I never did write about my high school reunion.
Sure, I mentioned it. There was an anecdote. I posted some photos here and there.
People always ask me how I have such a good memory when it comes to middle school and high school. More than half of my professional career has been dedicated to writing - and rewriting - those years, that it's never been all that far from my mind.
Tug at one small silvery filament of memory and the whole thing is bound to unravel.
At my ten year high school reunion, I was looking forward to connecting with my high school friends (Facebook was but a gleam in young Zuckerberg's eye?) and coming back a Capital-S Success. I found that people still kept to themselves, for the most part.

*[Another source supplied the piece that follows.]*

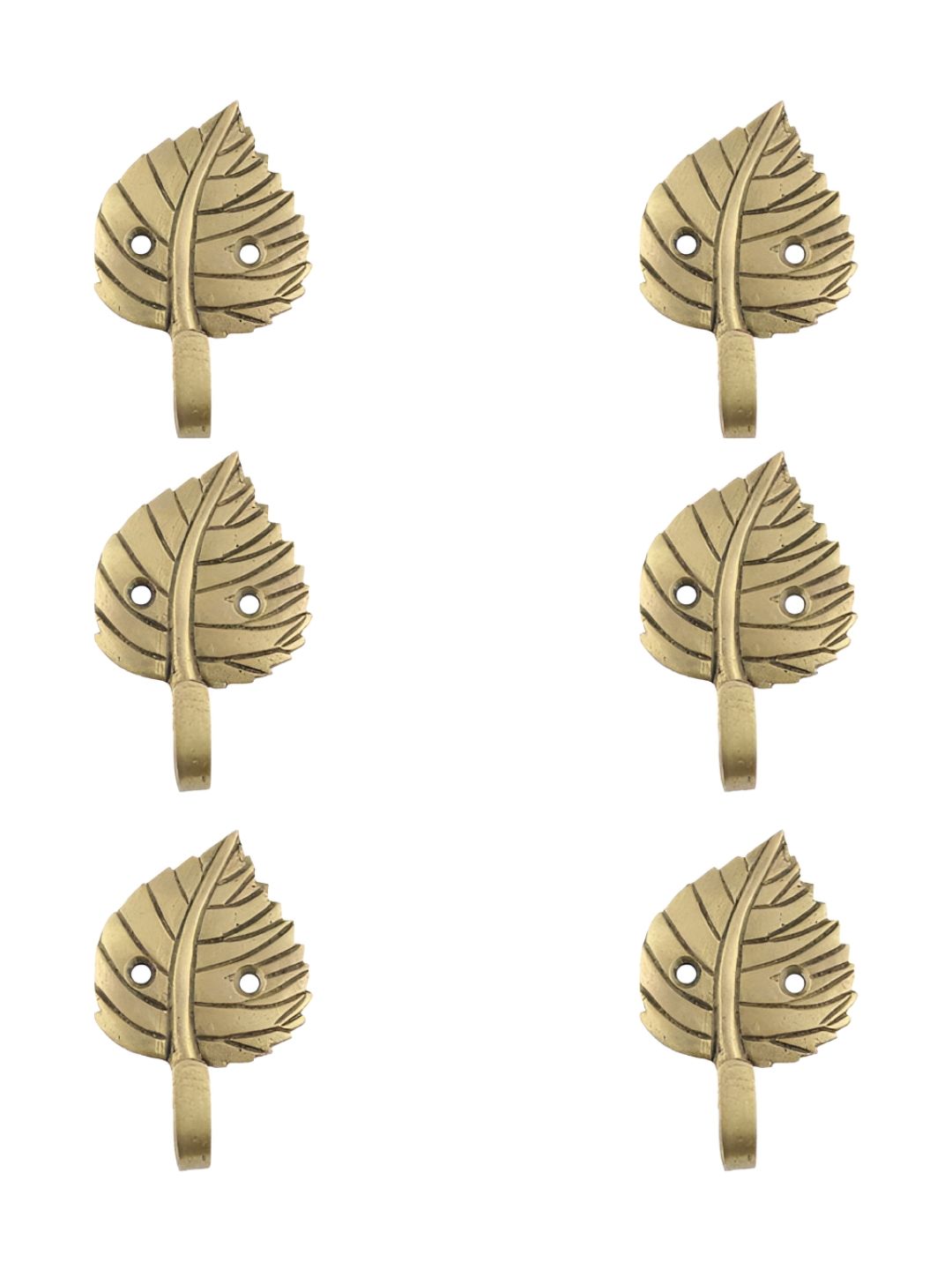 IndianShelf Gold-Toned & Black 6 Pieces Leaf Brass Wall Hooks-image-38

Groups clung together with the same magnetic force that they did in high school.
But then came Facebook.
And suddenly I was planning our 20-year reunion.
There was the joke that i heard not once, not twice, but over and over - are you friends with the popular people? (To be fair, I may have been the first one who made it.)

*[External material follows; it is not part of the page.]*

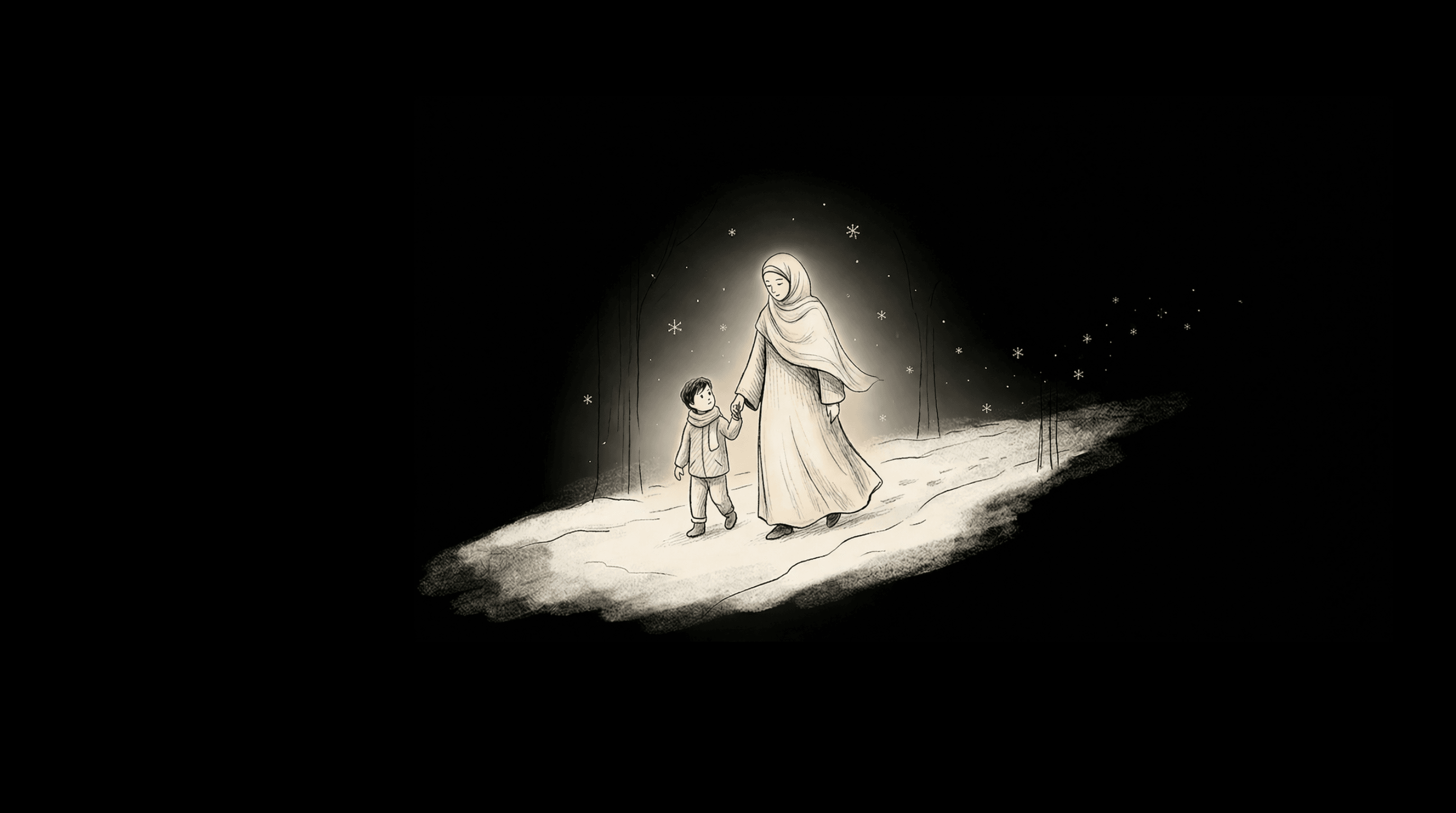 Ein Feldweg im Winter, Nebel über flachem Land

While everyone went on and grew up and Did Things Adults Did, I work in a business that's been caled "High School With Money." I'm writing pilots about high school wrongs, about rumors, about first kisses, about who your friends really are.
Planning the reunion, I pored over yearbooks and tried to match names and photos with email addresses and friend requests. I dug up old journals and looked through everyone else's friends' list remembering boys that I liked and girls who were mean to me.

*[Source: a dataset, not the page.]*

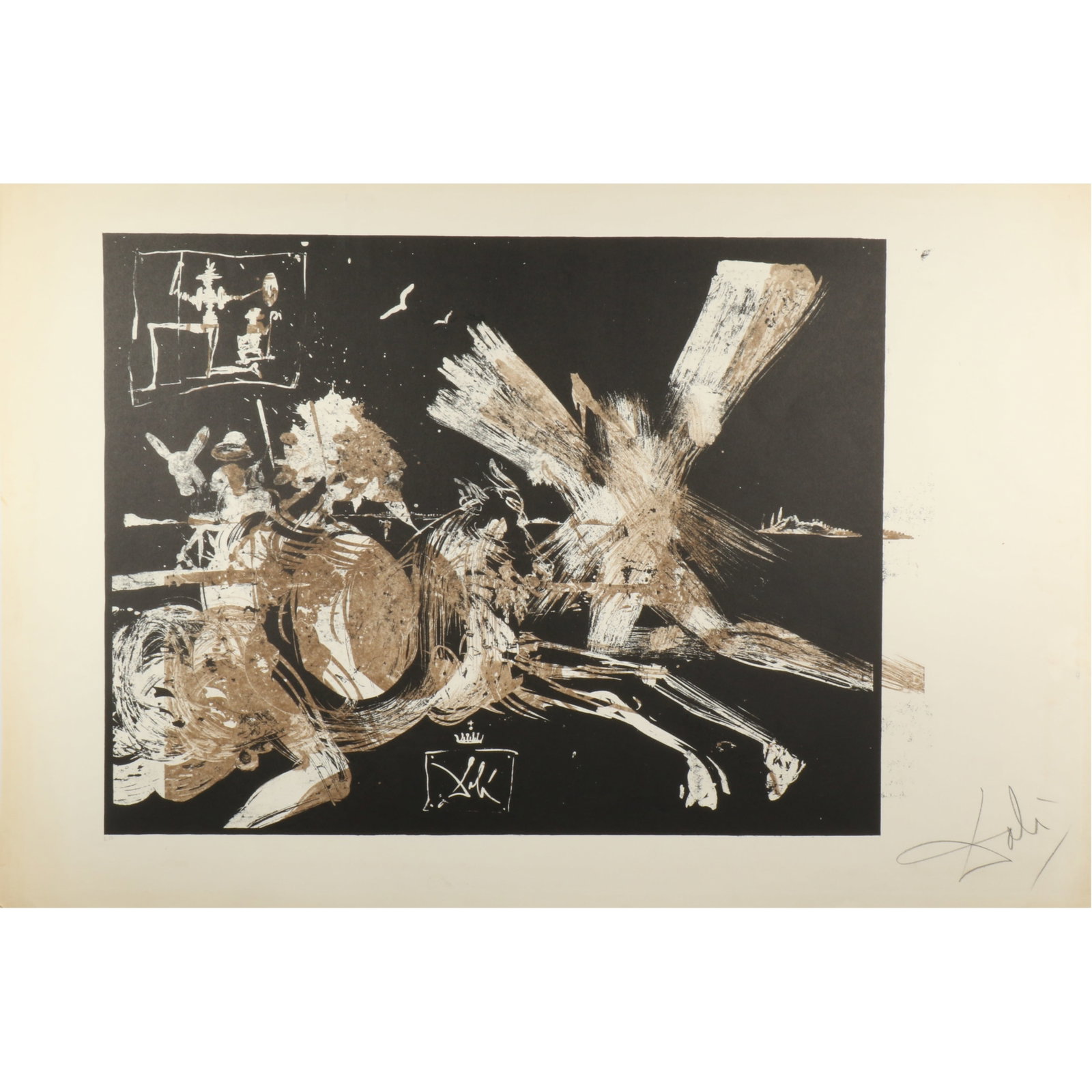 Salvador Dali, Spanish (1904-1989), Face in the Windmill, color lithograph: Salvador Dali Spanish (1904-1989) Face in the Windmill color lithograph Pencil signed lower right, E.A. lower left, artist proof. Biography from RoGallery: Salvador Dali was born in May 11, 1904 in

I talked to new friends - people I knew in high school, but wasn't friends with - about the whole process.
I mean, I'm not an idiot. I know that high school is rife with reverse narcissism - that belief that it's all about you, and it's all bad. I had braces. I had glasses. I had a bad perm (is there such a thing as a good perm? Not in the 80s.) I was chubby and dark in a school filled with skinny blonde girls. I was smart and I was funny and I could be prone to fits of bravado to mask the fact that I was painfully shy and totally self-conscious.
(I definitely didn't date.)
All of this, swirling in my head while I decided that I was going to confront the girl(s) who were mean to me. I had one in my sights, specifically. I wasn't going to be cruel (erm, that would defeat the purpose,) but I just wanted to say you did this and that wasn't cool.
Except that I didn't get a chance to, because when I ran into her it didn't really matter.
Because she wasn't the person I thought she was, either.
When I write characters I try not to make them one-dimensional.
Yet I had painted all the "villains" in my life in precisely that way.
There was no grand moment. I just realized that I didn't know them and they didn't know me. That was it.
But I was no longer shy. I was no longer self-conscious. I was no longer worried about what people thought.
And that's why my high school reunion was a hell of a lot of fun.
(And I'm looking forward to someone else planning the next one.)